Saut périlleux (Pierre Aléchinski), 1992

L’éblouissement. Dans toute cette affluence actuelle de peinture, on se sent soudain, devant celle de Pierre ALÉCHINSKY,à l’heure juste. Les arbres foudroyés qu’il donne en ce moment à la galerie Lelong sont en exact équilibre entre la vie et la mort, entre la sécheresse de l’hiver définitif et la plus extrême générosité.

Le bonheur de voir est tel qu’on ne sait plus si ce sont bien des fruits, des taches de semence ou de la neige, si l’on tombe ou si la sève de la couleur imprègne en nous l’ultime corps d’une deuxième naissance.

Les enluminures de ce peintre souverain, aux coloris retenus ou voilés, redoublent de chaleur et de richesse dans ces vignettes qu’il dispose au pourtour de l’œuvre. On dirait un saut périlleux qui franchirait le temps tout entier.

Ces tableaux réunis ici de Pierre ALÉCHINSKY apprivoisent très bien l’impossible.
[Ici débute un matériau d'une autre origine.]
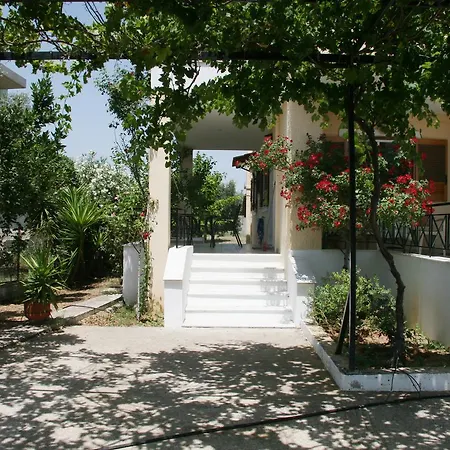 Tatil Evi Vlichos Amarynthos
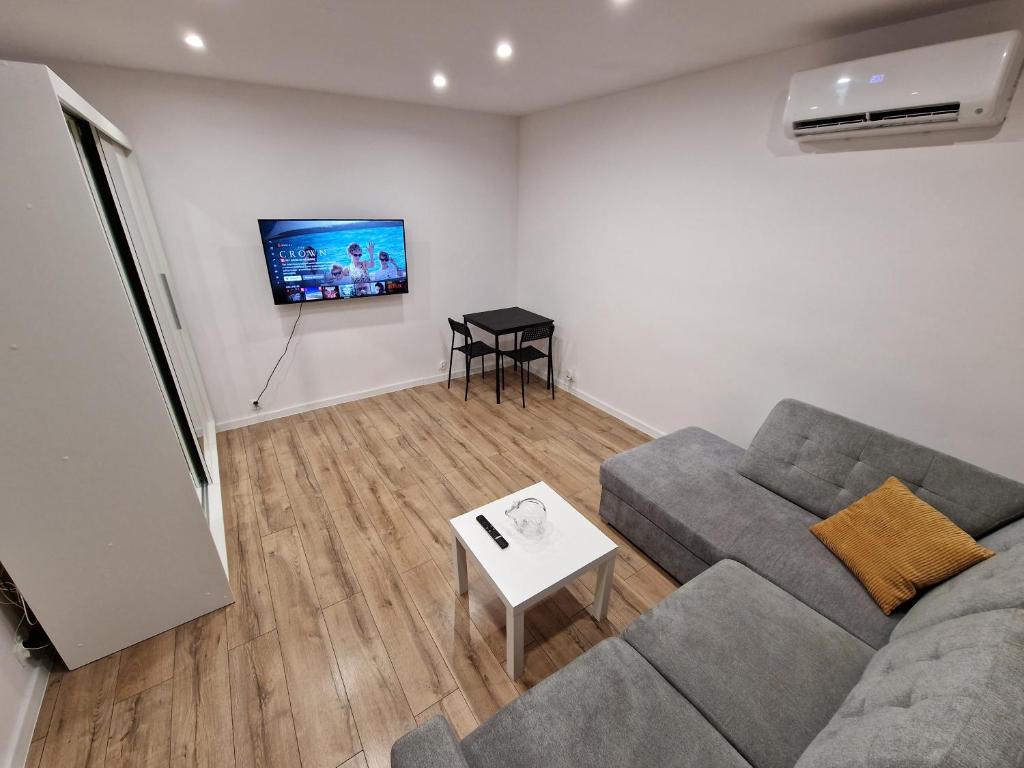 Apartamenty w pełni wyposażone w CENTRUM MIASTA - Apartamento De Una Habitación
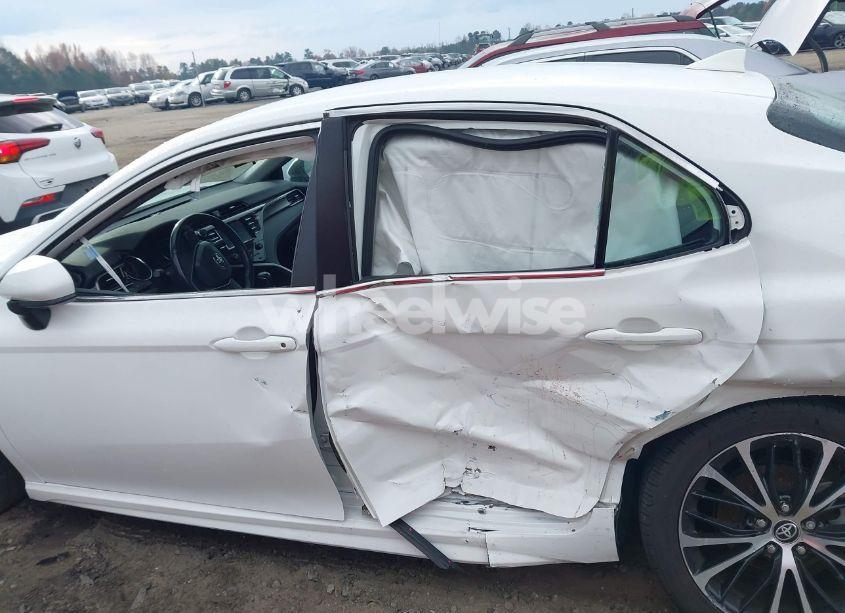 Photo 14 of 2020 Toyota Camry SE (VIN 4T1G11AK5LU945729)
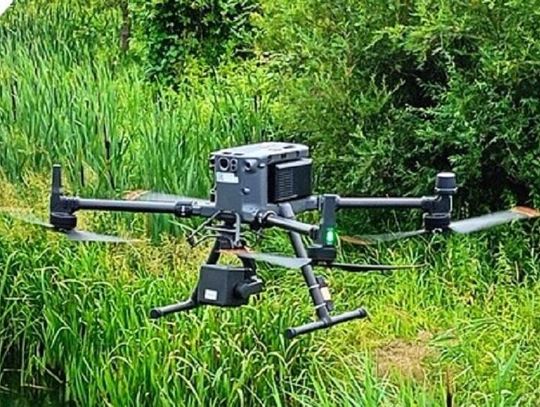 Uwaga mieszkańcy gminy Żółkiewka! Pilny komunikat Wód Polskich dotyczący dronów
Il arrive à briller sans être brillant. ll faut une vie de travail, on s’en doute en même temps qu’on l’oublie, pour aboutir à pareille simplicité.

Étranges à force d’être naturels, ils déclenchent une sorte de sécurité supérieure dans l’électrocution même de notre regard, comme si le même éclair de magnésium nous faisait saisir en un seul l’étendue de tous les paysages, et que notre passé grâce à lui se confondait avec l’avenir.

pour l’exposition Suite d’arbres de Pierre Aléchinsky, in l’Humanité du mardi 7 avril l992.